The --output flag with a .ts extension produces TypeScript. The generator also creates a .terms.ts file with numeric term IDs.

Generated Output

Each generated parser file exports a parser via LRParser.deserialize():

import { LRParser } from "@lezer/lr";
export const parser = LRParser.deserialize({
  version: 14,
  states: "...",       // serialized state machine
  stateData: "...",
  goto: "...",
  nodeNames: "⚠ LineComment Program BinaryExpression ...",
  maxTerm: 59,
  skippedNodes: [0, 1],
  tokenData: "...",
  topRules: { Program: [0, 2] },
});

The .terms.ts file exports numeric constants for each node type:

export const Program = 1;
export const WorkoutRecord = 2;
export const Keyword = 6;

Dependencies

  • @lezer/generator (v1.2.3) — build-time grammar compiler (CLI + API)
  • @lezer/lr (v1.3.7) — runtime LR parser
  • @lezer/common — shared types: Tree, TreeCursor, SyntaxNode, NodeType
  • @lezer/highlight (v1.1.6) — syntax highlighting tags
  • @codemirror/language (v6.10.6) — CodeMirror language integration

Part 3: Using the Generated Parser

Parsing

import { parser as liftoscriptParser } from "./liftoscript";

const tree = liftoscriptParser.parse(script);
const topNode = tree.topNode;  // SyntaxNode for the root

Tree Traversal Patterns

Pattern 1: Linear cursor traversal — visit every node in the tree:

const cursor = tree.cursor();
do {
  if (cursor.node.type.name === NodeName.StateVariable) {
    // process node
  }
} while (cursor.next());

Used for: scanning all nodes of a type (state variables, error detection, weight unit conversion).

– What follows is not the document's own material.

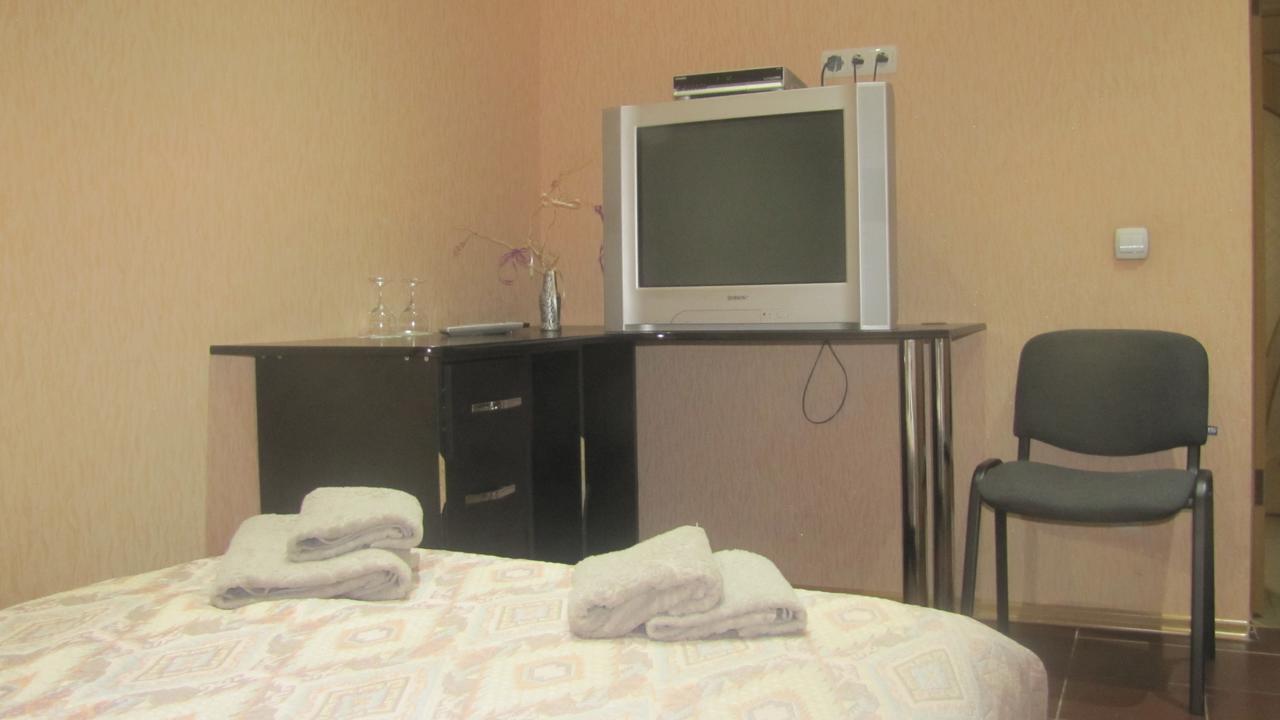 Mini Hotel Leon Лалово Экстерьер фото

Pattern 2: Child iteration — get all direct children of a node:

function getChildren(node: SyntaxNode): SyntaxNode[] {
  const cur = node.cursor();
  const result: SyntaxNode[] = [];
  if (!cur.firstChild()) return result;
  do {
    result.push(cur.node);
  } while (cur.nextSibling());
  return result;
}

This helper is duplicated across all three evaluators. Use it to iterate children.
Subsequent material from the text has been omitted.